A nicer way using a variation of the trial division, extended to use wheel factorization, which is time-efficient only for smaller inputs:

function result = is_prime(num)
    num = abs(num);
    if (mod(num, 2) == 0 && num > 2) || (mod(num, 3) == 0 && num > 3)
        result = 0;
    end
    i = 5;
    while i * i <= num
        if (mod(num, i) == 0 || mod(num, (i + 2)) == 0)
            result = 0;
            break
        else
            i = i + 6;
        end
    end
    result = 1;
end

This is significantly more efficient than the naive approach.

Answer 2

There is no need to check all numbers up to given number. It could be proved that the dividable number have to be less than sqrt of the given number. you can find a proof here.

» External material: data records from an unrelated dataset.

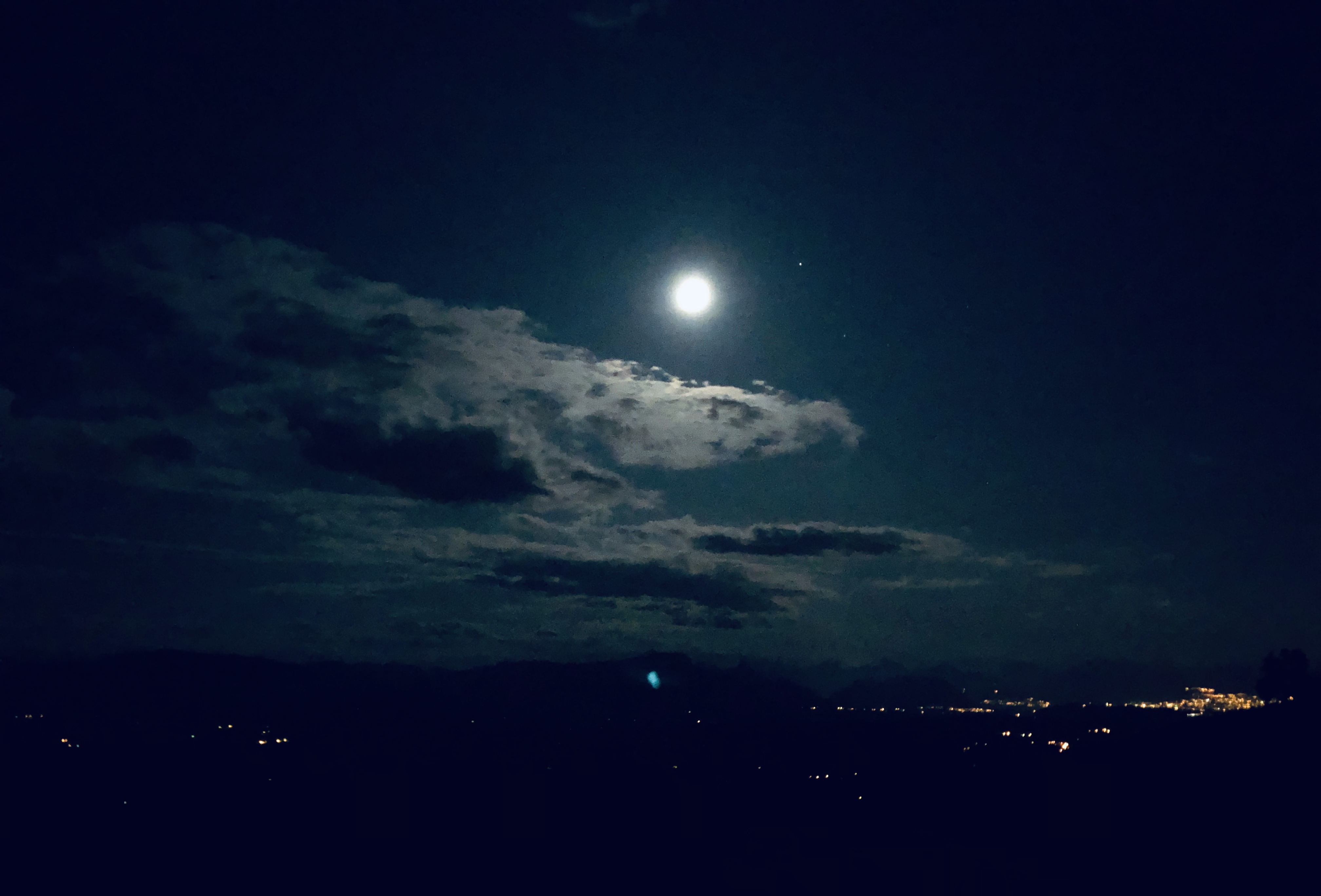Photo n° 1 de l'avis de Seb.0 fait le 15/08/2019 à 17:38
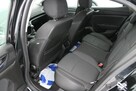 Renault Megane 1,3 Business Gwarancja Salon PL - 11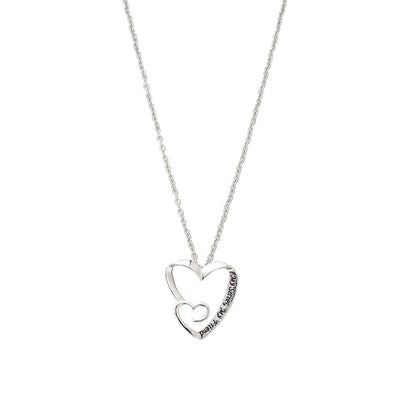 Elegant Necklace for Every Occasion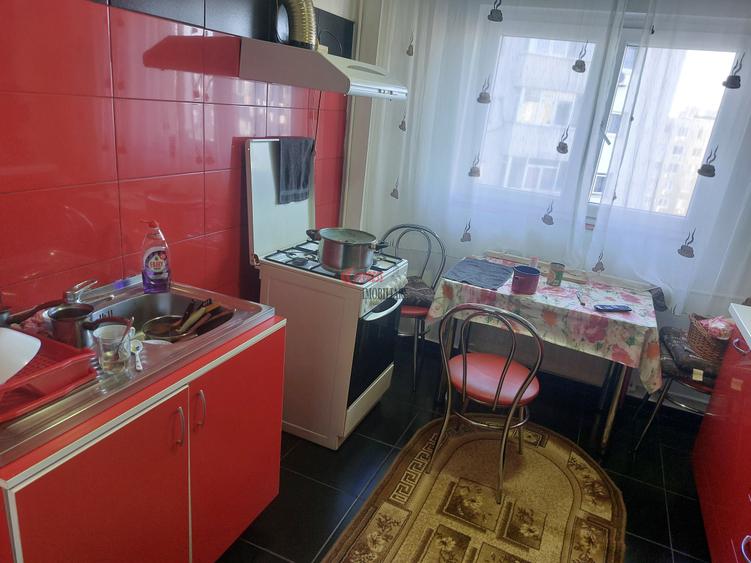 Dristor, Ramnicu Valcea, Scoala Mihai Botez - 4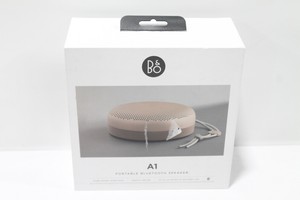 beoplay a1 ebay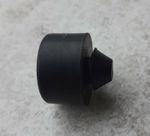 Universal  Main Stand Rubber - Seat Bump Stop SUITS Honda Kawasaki Suzuki Yamaha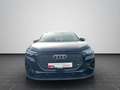 Audi Q4 e-tron 195 KW S-line Quattro PANO MATRIX-LED Schwarz - thumbnail 6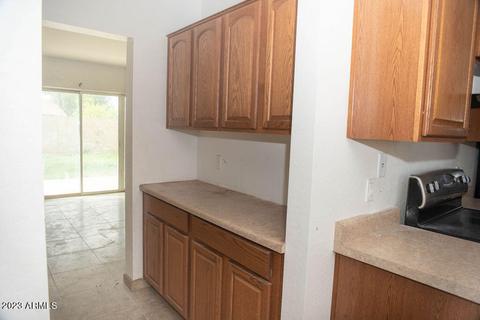 1321 E 2nd St, Mesa, AZ 85203 photo 5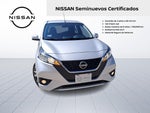 2024 Nissan MARCH MARCH EXCLUSIVE TM 24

So, you can speed up your code with the following code :

x=5;
y=2; 
isprime=true;
while (y<=sqrt(x))
   if(rem(x,y)==0)
      isprime=false;
      break;    
   end
   y = y + 1;
end

for x=5

The number is prime

for x=1000

The number is not prime

for example for a number like 10000 you will have 10000/100=100x speedup.

Answer 3

The first line of thinking is way easier.... remember what the definition of a prime number is: A prime number is prime if it can only be divisible by itself and 1. Therefore, from the number 2 up to the number, if there is at least one number that has remainder when dividing this number with the one in question, the number is not prime.

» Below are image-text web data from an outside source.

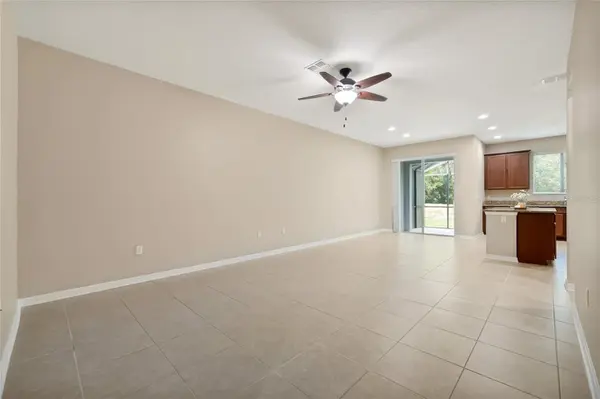 342 REED GRASS DR, Oviedo, FL 32765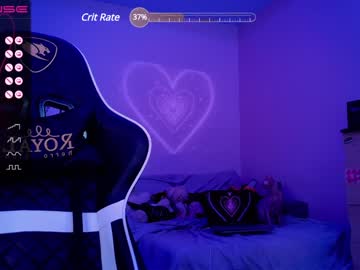 cam girl porn _b_a_n_s_h_e_e_ image #4673331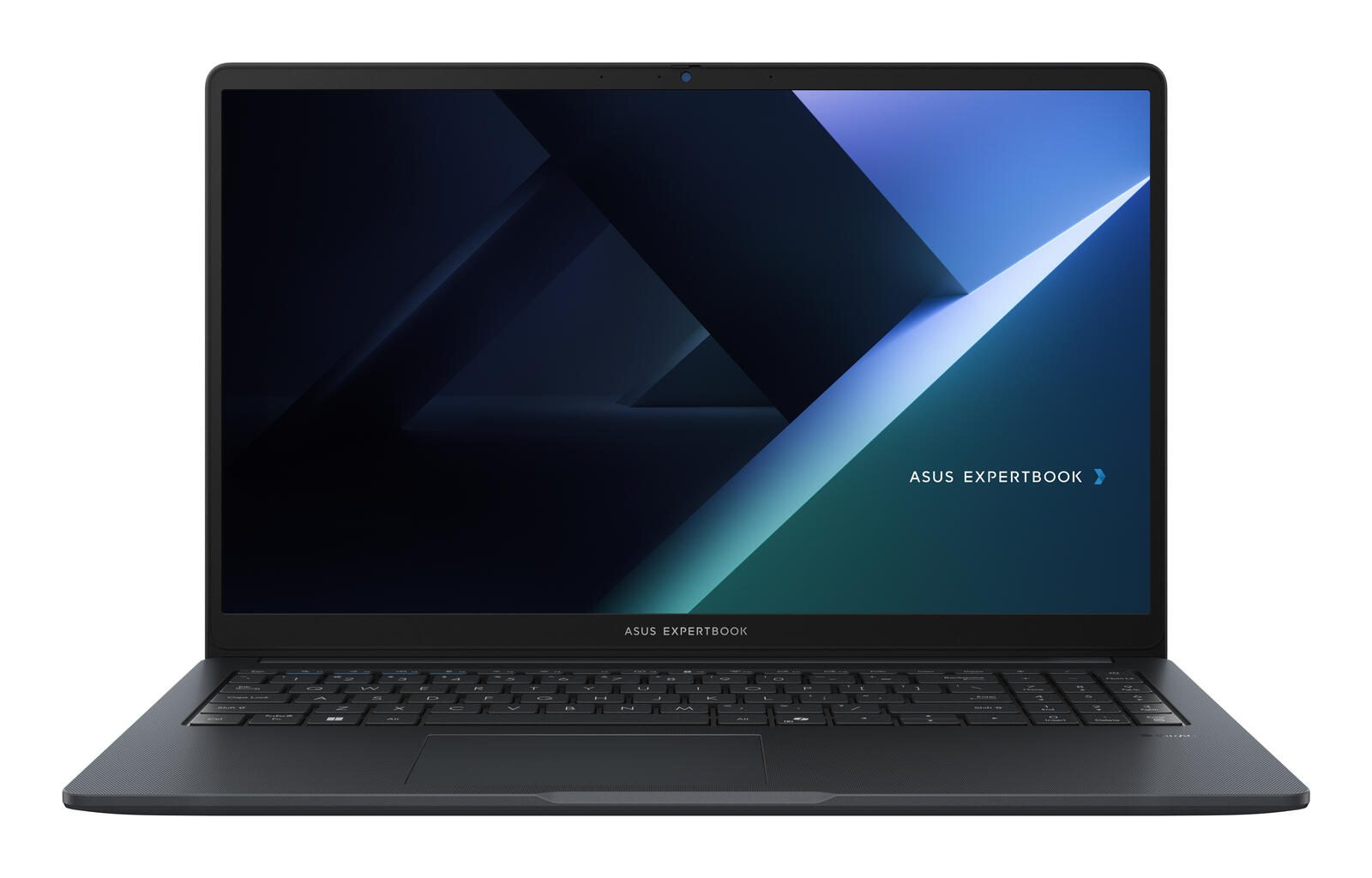 ASUS ExpertBook B1 B1503CVA-S79523 Notebook Intel® Core™ 7 240H 39,6 cm (15,6") 8 Go RAM, 512 Go SSD, graphiques Intel, sans OS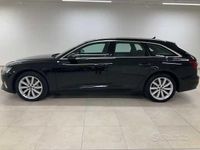 Usata Audi A6 Business 2021 Station wagon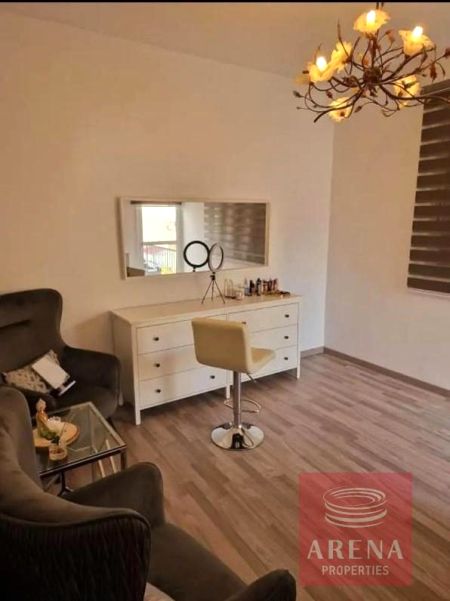 Casa Unifamiliar en venta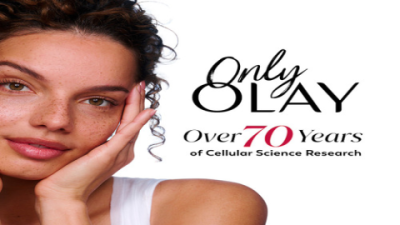 Peptit Serum: Reveal Youthful, Radiant Skin in 7 Days
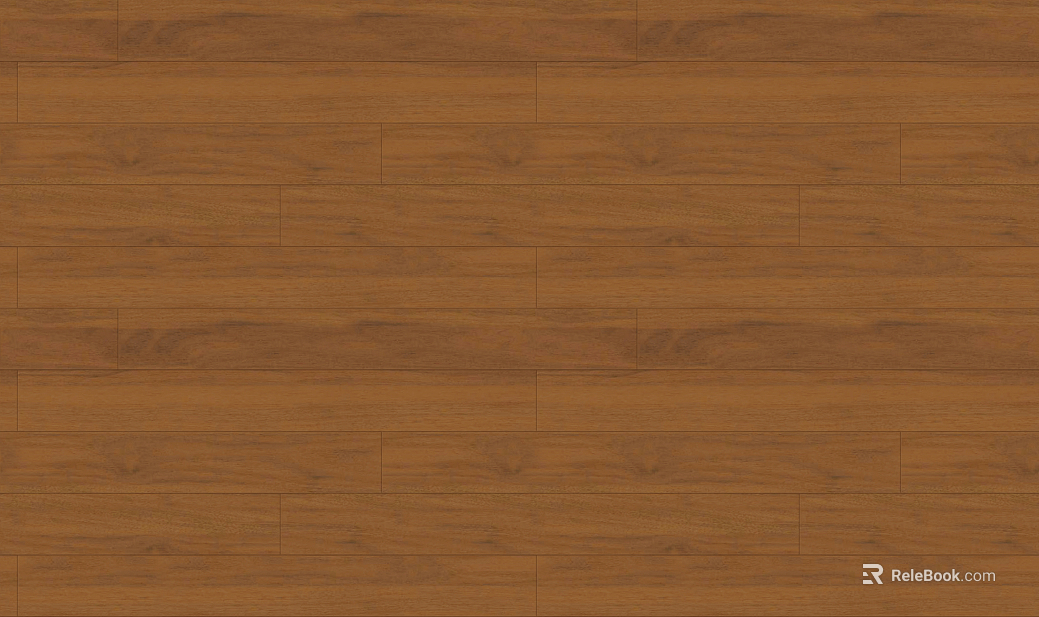 I-shaped wood floor texture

Basically, the while loop will keep incrementing up until the number or if the number has a remainder with a divisor that is being tested. Once the loop breaks, check the loop counter and see if it's equal to the number in question. If it is, then it's prime.

Something like this:

x=5;
y=2; %// Change

while rem(x,y)~=0
    y = y + 1;
end

if y == x
    disp('The number is prime');
else
    disp('The number is not prime');
end

y should not be a vector. Initialize it to 2 as that is the first number you're checking against for the remainder. As such, starting with y = 2, we check for the remainder of dividing x by y and if it isn't 0 (i.e. this not a divisor that divides into x), then check the next number by incrementing y by 1. We keep incrementing until either:

1. There is a divisor that divides into x
2. We have checked all numbers from y=2 up to y=x and the remainder check has failed.

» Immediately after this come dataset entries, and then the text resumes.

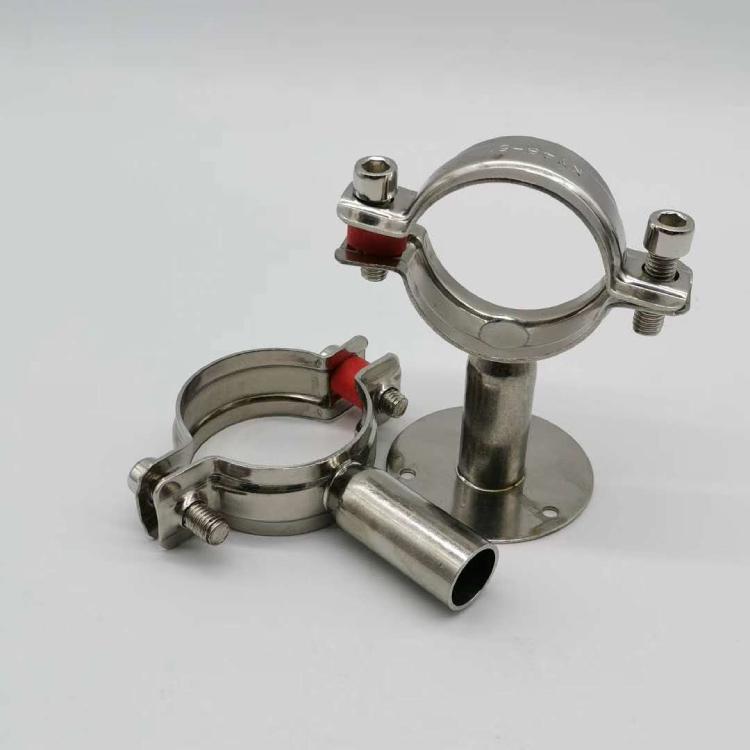 托架加工 温州耐腐蚀托架厂家 量大优惠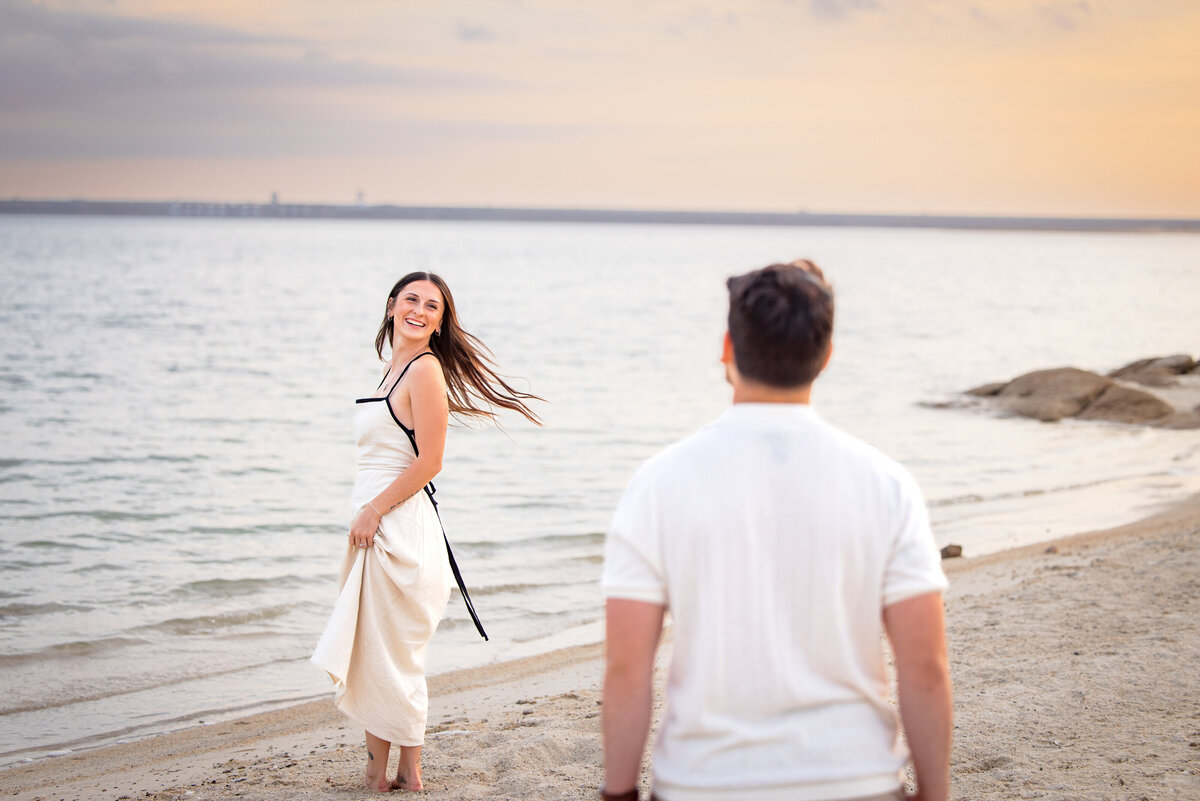 Sacramento-Wedding-photographer-ashley-teasley-91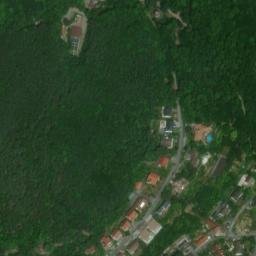 Satellite imagery of boundary_stone, FR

So if you check this code for any prime number, it should work.... but I do warn you that using large prime numbers will make this slow. Now, situation 1 is when this is not a prime number and situation 2 is when it is a prime number.

It works for x = 5:

The number is prime

... also for x = 17:

The number is prime

... but certainly not for x = 8

The number is not prime

.... or x = 15:

The number is not prime

This is the brute force way to check if a number is prime. There are computationally efficient algorithms for checking this, such as the Euclidean Algorithm.... or if you want to use MATLAB directly, there is a function called isprime that checks every value in an vector or matrix whether each value is prime.